Prove that $(X,d)$ is complete if and only if $\forall(x_n) \in X $ satisfying $d(x_n,x_{n+1})<\frac{1}{2^n} \; \forall n\in N$ is convergent in $X$

Note that if $(x_n)$ satisfies $d(x_n,x_{n+1})<\frac{1}{2^n} \; \forall n\in N$ then for $m>n$

$d(x_n,x_m)\leq d(x_n,x_{n+1})+ \ldots + d(x_{m-1},x_m)< \frac{1}{2^n}+\ldots + \frac{1}{2^{m-1}} \to 0$ as $n\to \infty$

so $(x_n)$ becomes Cauchy.

Also if $(x_n)$ is Cauchy, then $d(x_n,x_{n+1}) \to 0$ as $n\to \infty$. How can I show that it satisfies the give condition ? Problem is that it must satisfy for all $n\in N$

Answer 1

First, the property of being a complete metric space means that every Cauchy sequence is convergent, then it is not enough to conclude that you have a Cauchy sequence, as you did.
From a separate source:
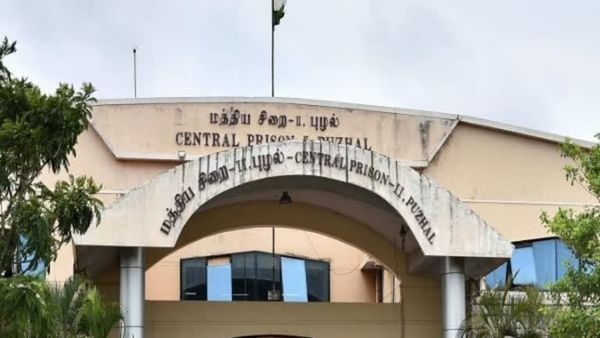 பாப்புலர் ஃபிரண்ட் ஆப் இந்தியா அமைப்பினருடன் கருக்கா வினோத் வந்த வீடியோ! புழல் சிறைத் துறை விளக்கம்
In a complete metric space, if $(x_{n})$ satisfies the condition that $\forall n \in \mathbb{N}$, $d(x_{n}, x_{n+1}) < \frac{1}{2^{n}}$ then $(x_{n})$ is a Cauchy sequence (as in your attempt), hence convergent . On the other hand, if you get $(x_{n})$ a Cauchy sequence in $X$, you can apply the definition of Cauchy sequence with $\epsilon = \frac{1}{2}, \frac{1}{2^{2}}, ...$ to get a subsequence $(x_{n'})$ such that $\forall n' \in \mathbb{N}$, $d(x_{n'}, x_{n'+1}) < \frac{1}{2^{n'}}$, then this subsequence is convergent and so the sequence $(x_{n})$ is.